The question was, what were these alternative stable structures?

"Using NMR, we were able to access the chemical shifts of this alternative form," said graduate student Evgenia Nikolova. "These chemical shifts are like fingerprints that tell us something about the structure." Through careful analysis, Nikolova realized the "fingerprints" were typical of an orientation in which certain bases are flipped 180 degrees.

"It's like taking half of the stairway step and flipping it upside down so that the other face now points up," said Al-Hashimi. "If you do this, you can still put the two halves of the step back together, but now what you have is no longer a Watson-Crick base pair; it's something called a Hoogsteen base pair."

"Using computational modeling, we further validated that individual bases can roll over inside the double helix to achieve these Hoogsteen base pairs," said Ioan Andricioaei, an associate professor of chemistry at the University of California, Irvine.

Hoogsteen base pairs have previously been observed in double-stranded DNA, but only when the molecule is bound to proteins or drugs or when the DNA is damaged. The new study shows that even under normal circumstances, with no outside influence, certain sections of DNA tend to briefly morph into the alternative structure, called an "excited state."

Previous studies of DNA structure have relied mainly on techniques such as X-ray and conventional NMR, which can't detect such fleeting or rare structural changes.

"These methods do not capture alternative DNA structural forms that may exist for only a millisecond or in very little abundance, such as one percent of the time," said Al-Hashimi. "We took new solution NMR methods that previously have been used to study rare deformations in proteins and adapted them so that they could be used to study rare states in nucleic acids. Now that we have the right tools to look at these so-called excited states, we may find other short-lived states in DNA and RNA."

Because critical interactions between DNA and proteins are thought to be directed by both the sequence of bases and the flexing of the molecule, these excited states represent a whole new level of information contained in the genetic code, Al-Hashimi said.

In addition to Al-Hashimi, Nikolova and Andricioaei, the paper's authors are undergraduate student Abigail Wise and assistant professor of biological chemistry Patrick O'Brien of U-M and postdoctoral researcher Eunae Kim of the University of California, Irvine.

The researchers received funding from the National Science Foundation, the National Institutes of Health and the University of Michigan.


Story Source:

The above story is based on materials provided by University of Michigan.
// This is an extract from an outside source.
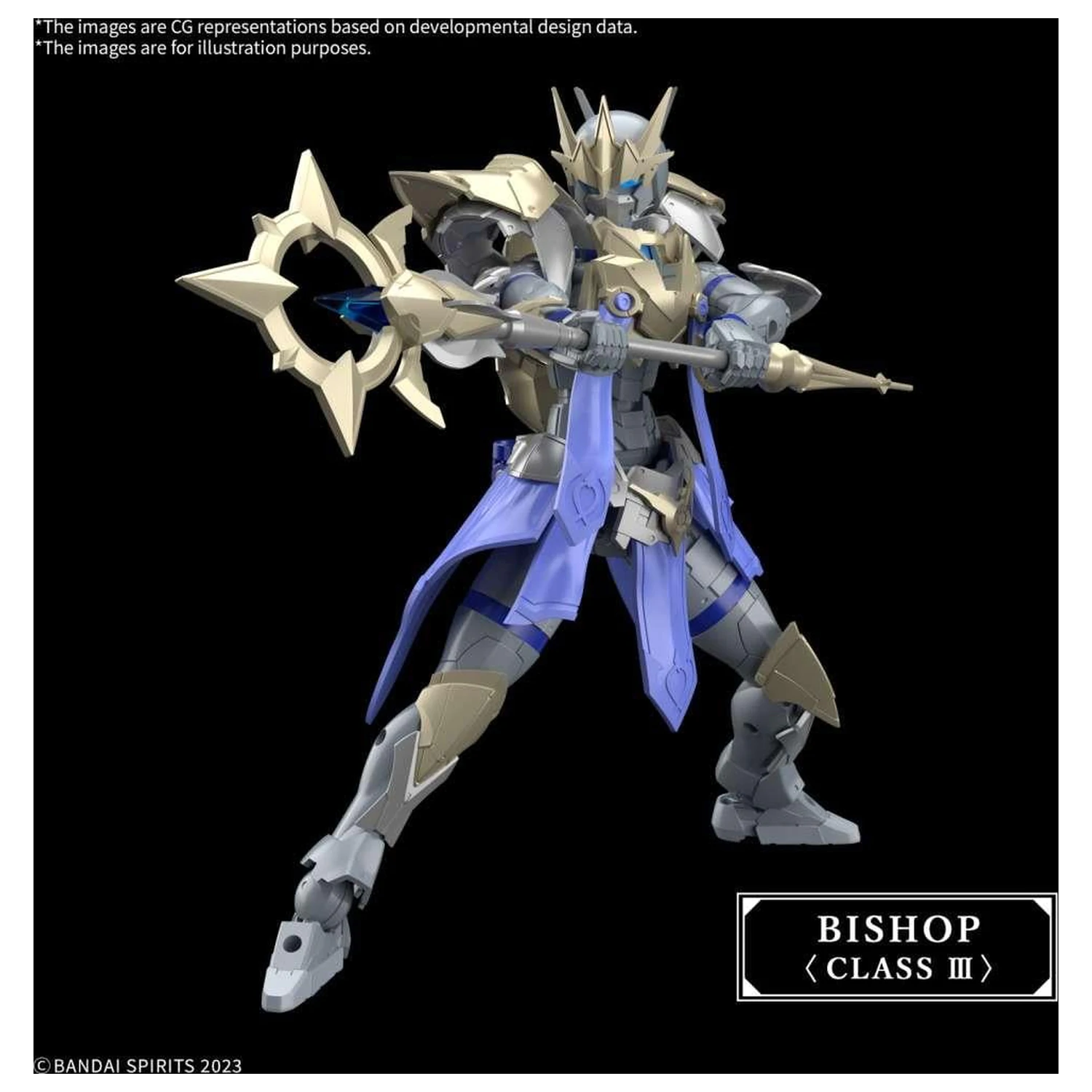 Gundam 30MF Liber Bishop model súprava produktová fotografia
Note: Materials may be edited for content and length.


Journal Reference:

  1. Evgenia N. Nikolova, Eunae Kim, Abigail A. Wise, Patrick J. O’Brien, Ioan Andricioaei, Hashim M. Al-Hashimi. Transient Hoogsteen base pairs in canonical duplex DNA. Nature, 2011; DOI: 10.1038/nature09775

Cite This Page:

University of Michigan. "DNA caught rock 'n rollin': On rare occasions DNA dances itself into a different shape." ScienceDaily. ScienceDaily, 29 January 2011. <www.sciencedaily.com/releases/2011/01/110128104244.htm>.
University of Michigan. (2011, January 29). DNA caught rock 'n rollin': On rare occasions DNA dances itself into a different shape. ScienceDaily. Retrieved July 22, 2014 from www.sciencedaily.com/releases/2011/01/110128104244.htm
University of Michigan. "DNA caught rock 'n rollin': On rare occasions DNA dances itself into a different shape." ScienceDaily. www.sciencedaily.com/releases/2011/01/110128104244.htm (accessed July 22, 2014).

Share This




More Health & Medicine News

Tuesday, July 22, 2014

Featured Research

from universities, journals, and other organizations


Featured Videos

from AP, Reuters, AFP, and other news services

Courts Conflicted Over Healthcare Law

Courts Conflicted Over Healthcare Law

AP (July 22, 2014) Two federal appeals courts issued conflicting rulings Tuesday on the legality of the federally-run healthcare exchange that operates in 36 states. (July 22) Video provided by AP
Powered by NewsLook.com
Why Do People Believe We Only Use 10 Percent Of Our Brains?

Why Do People Believe We Only Use 10 Percent Of Our Brains?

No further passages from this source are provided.